The high attrition rate of women in science and engineering in industry was also highlighted. It was noted that attrition of women scientists and engineers in industry is even higher than that of women in academia, government, and nonprofit organizations. The reasons that many women gave for leaving had to do with family, lack of mentoring, and mismatches of interest and career.
It was concluded that the only way that more women could be attracted to science and engineering in industry would be to promote changes within the organizations that would be beneficial not only to women but also to the company, otherwise, the changes would not be implemented. Special mention was made of some organizations that were implementing change, e.g., Xerox and the Argonne National Laboratory. Both had started programs to deal with women's issues. It was also noted that many companies still practice discrimination. For example, when interviewing a woman, they might still ask whether she is married, has children, or is intending to have children. Women at the conference believed that one of the ways to get companies to change was by strictly enforcing discrimination laws. They also maintained that it is the responsibility of the women who are discriminated against to report the discrimination.
The issue of resources available to effect a change in the industrial environment was also raised. The participants in the conference highlighted two major organizations that worked with companies to recommend and implement policies which would eliminate bias toward women.

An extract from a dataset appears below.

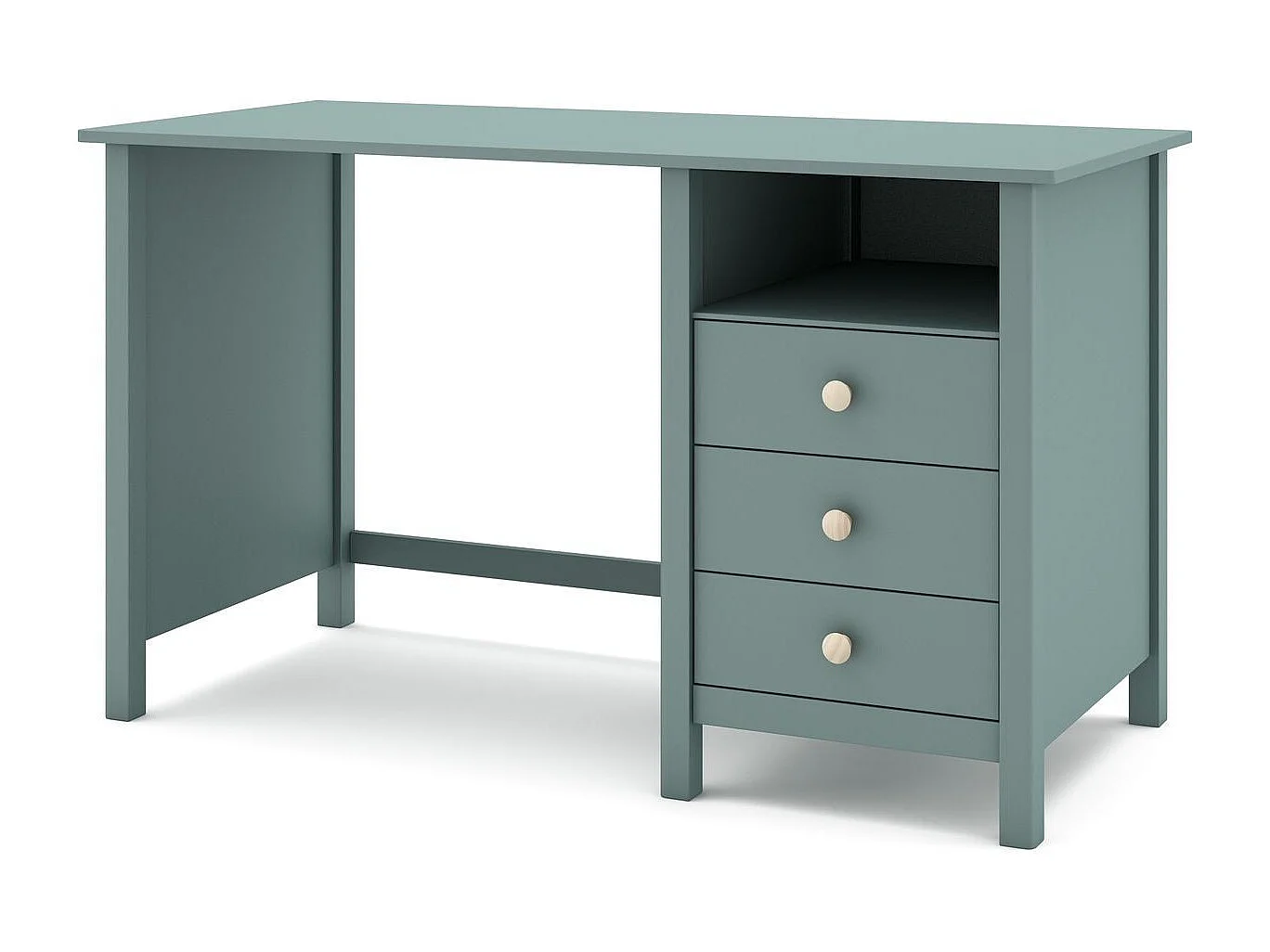 Bureau enfant 3 tiroirs en bois massif vert pétrole 120cm - Melvin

Another issue that was raised was networking. Women at the conference agreed that in order to curb the high attrition of women from science and engineering, effective mentoring should be started as early as possible. Women need mentors and also need to learn how to be mentors. Women could help to establish mentoring by setting up networks. Women at the conference were urged to build communication networks including electronic mailing lists and bulletin boards. Such networks would help to provide information on job opportunities, conferences, papers, and general women's issues.
The conference participants also reflected on the impact that women executives could have on the "industrial environment." According to speaker Mary L. Good (senior vice-president for technology at Allied Signal Inc.), statistics from a report in Management Review, March 1992, show that in 1990 only 254 of the 5,638 directors of Fortune 500 companies were women. The reason given for this was that often women were not high enough in the corporation to be considered for executive positions. The women at the conference believed that the only way that women could attain executive power was by cracking the corporate network. Executive women's networks would help women find out when a position was open and what qualifications were needed to fill it.
They also noted that the shift in industry from hierarchical management to team management would cause an increase in the number of women holding management positions. Team management would mean that an employee would have several managers and people from different areas would be involved in the decision-making process. These "new" managers would have to be flexible and adaptable; women, since they often possess both these traits, are well equipped for the new role.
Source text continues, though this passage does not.